→ What you need to do:
Your answer should hold exactly the lines below from the line with "BESWICK - 1999" through the line with "Free People Black", both included, and no pictures at all.

→ Data for this task:
○ ○ ○ ○
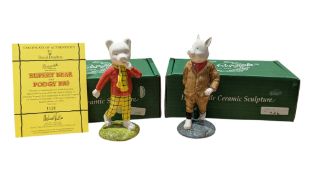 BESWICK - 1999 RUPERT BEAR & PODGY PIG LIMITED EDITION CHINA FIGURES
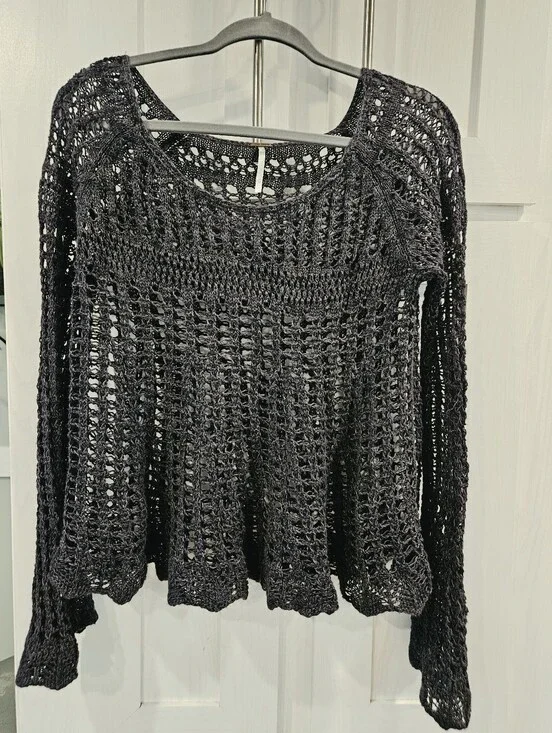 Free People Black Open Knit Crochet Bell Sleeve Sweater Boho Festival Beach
○ ○ ○ ○
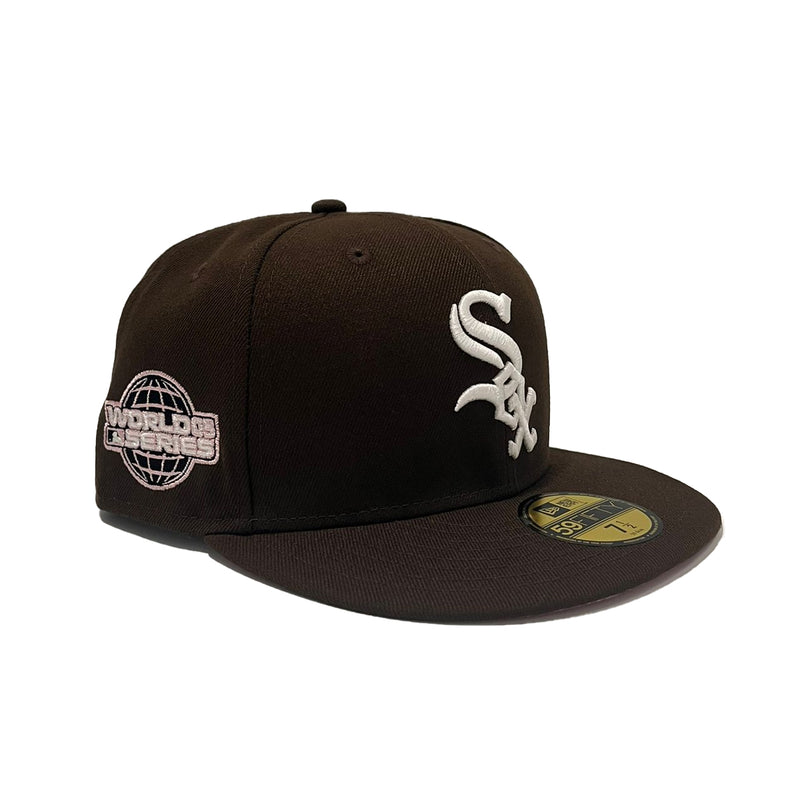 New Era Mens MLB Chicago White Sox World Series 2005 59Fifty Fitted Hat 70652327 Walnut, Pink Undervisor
○ ○ ○ ○
→ Exercise answer:
 BESWICK - 1999 RUPERT BEAR & PODGY PIG LIMITED EDITION CHINA FIGURES
 Free People Black Open Knit Crochet Bell Sleeve Sweater Boho Festival Beach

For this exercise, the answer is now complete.